依存症の症状は、精神症状(いわゆる“精神依存”)と身体的離脱症状(いわゆる“身体依存”)に分類される。精神依存はあらゆる物質(カフェイン、糖分など食品中に含むものも含め)や行為にみられるが、身体依存は必ずしも全ての依存に見られるわけではない。例えば、薬物以外による依存では身体依存は形成されないし、また薬物依存の場合も身体依存を伴わない物質がある(Wikipediaより)。

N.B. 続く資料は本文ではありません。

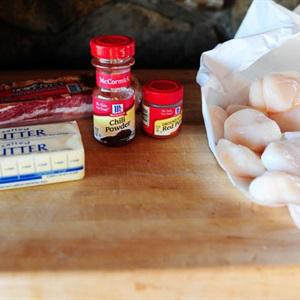 Thịt xông khói cuộn sò điệp sốt bơ cay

これを外用ステロイドに当てはめると、塗り薬を塗らないと離脱症状が出る、ということになります。皮膚の状態が十分に治っていない時に中断すると、皮膚炎は再燃します。これをリバウンドと行っている方が多いです。”steroid addiction” がタイトルにあるシステマティックレビューがありました。それによると、ステロイド依存を現す明確な徴候は見当たらないこと、結局はステロイドをちゃんと使えていないことにより生じている状態であると結論付けられています(Hajar T et al: J Am Acad Dermatol 2015)。
じゃあ、ステロイド依存はないということが分かりましたが、治療がうまくいかないときはどうしたらいいでしょう。
塗っていてもうまく改善しないときこそ、主治医と共にどうしたらよいかをよく相談することが大切です。効かないときはステロイド外用剤の塗り方を変えてみる、悪化因子を見直す、光線療法を追加してみる、保湿を強化する、着ている服の素材を見直す、飲み薬を追加する、注射をする、などいろいろな方法があります。ステロイド以外の塗り薬(プロトピックやコレクチムなど)を使ってみてもいいかもしれません。アトピー性皮膚炎の有効な治療法は、ステロイド外用薬を使うことだけではありません。
患者さんが一番やってはいけないことは、「どうせ変わらないから、この薬だけ出して」と特に相談もせずに塗り薬をだけ要求することです。これをやっている限りうまくいくことはないでしょう。
ポイント
ステロイド外用剤の副作用をしっかり知りましょう。
全身への副作用は、よっぽど長期大量に塗らない限り起こりません。
ステロイド外用剤の副作用は、時間がかかりますが、大半はもとに戻ります。
ステロイド外用剤で、色は黒くなりません。
ステロイド依存は、ありません。
ステロイド外用剤だけでうまくいかないとき、それ以外の方法も含め、主治医とよく相談しましょう。
「この薬だけ出して」を続けない。